Pollock v. Farmers’ Loan & Trust Company, 157 U.S. 429 (1895), affirmed on rehearing, 158 U.S. 601 (1895) was a key case in the history of taxation and tax law in the United States.

Theoretically, the key question is whether a tax on property is the same as “dividends, royalties, and rents” arising from that property.

Chief Justice Fuller of the Supreme Court wrote that:

First. We adhere to the opinion already announced — that, taxes on real estate being indisputably direct taxes, taxes on the rents or income of real estate are equally direct taxes.

Second. We are of opinion that taxes on personal property, or on the income of personal property, are likewise direct taxes.

Third. The tax imposed by sections 27 to 37, inclusive, of the act of 1894, so far as it falls on the income of real estate, and of personal property, being a direct tax, within the meaning of the constitution, and therefore unconstitutional and void, because not apportioned according to representation, all those sections, constituting one entire scheme of taxation, are necessarily invalid.

The decrees hereinbefore entered in this court will be vacated. The decrees below will be reversed, and the cases remanded, with instructions to grant the relief prayed.

First, it must be defined what a direct tax and indirect tax is in the context of the 1895 decision. It should be noted that the concept of direct taxation and indirection taxation are different in the modern day.

Today, a direct tax is on income a person earns or on property and an indirect tax is on a transaction. Indirect taxes often take the form of sales taxes, such as GST or VAT.

However, these ideas were not the definitions as the Pollock case uses them. In the Pollock case a direct tax is a tax levied on property. In this context, the direct tax is levied directly on property. Indirect taxes in the Pollock case are taxes levied on income — presumably on types of income that are earned through wages.

A Harvard Law Review article summarizing the Pollock case from the same year the case was decided states that:

“The clause in the Constitution regarding direct taxes was the result of a compromise between conflicting views, “resting on the doctrine that the right of representation ought to be conceded to every community on which a tax is to be imposed, but crystallizing it in such form as to allay jealousies in respect of the future balance of power; to reconcile conflicting views in respect of the enumeration of slaves; and to remove the objection that, in adjusting a system of representation between the States, regard should be had to their relative wealth, since those who were to be most heavily taxed ought to have a proportionate influence in the government. The compromise, in embracing the power of direct taxation, consisted not simply in including part of the slaves in the enumeration of population, but in providing that as between State and State such taxation should be proportioned to representation.””[1]

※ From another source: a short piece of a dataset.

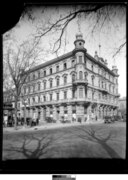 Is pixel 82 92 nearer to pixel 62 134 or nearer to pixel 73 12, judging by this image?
pixel 62 134

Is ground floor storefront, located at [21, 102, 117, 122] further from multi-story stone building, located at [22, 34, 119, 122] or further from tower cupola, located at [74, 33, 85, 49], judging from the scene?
tower cupola, located at [74, 33, 85, 49]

Thus, the key to the case was determining whether the tax was an indirect tax or a direct tax. If the tax were a direct tax, according to the Constitution, it would have to apportioned to the states through the Apportionment Clause.

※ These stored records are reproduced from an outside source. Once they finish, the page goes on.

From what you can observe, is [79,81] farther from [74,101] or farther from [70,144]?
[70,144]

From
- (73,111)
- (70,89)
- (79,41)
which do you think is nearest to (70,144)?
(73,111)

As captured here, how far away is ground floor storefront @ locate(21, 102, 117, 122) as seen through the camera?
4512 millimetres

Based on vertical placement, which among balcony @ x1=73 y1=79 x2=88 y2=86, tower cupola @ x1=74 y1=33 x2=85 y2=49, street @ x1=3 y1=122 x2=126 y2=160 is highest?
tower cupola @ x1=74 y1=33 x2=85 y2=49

The Supreme Court decided that the tax levied was a direct tax. The Supreme Court equivocated taxes on property, such as a property tax, with income earned from “dividends, royalties, and rents” derived from such property. An example of such an equivocation would be that simply owning a property and living in it would be equivalent to renting that property as a landlord. Both situations for tax purposes, according to the 1895 Supreme Court, were equivocal and thus to be taxed the same.

It seems that rents derived from property are different from merely having a property and not using it for economic gains.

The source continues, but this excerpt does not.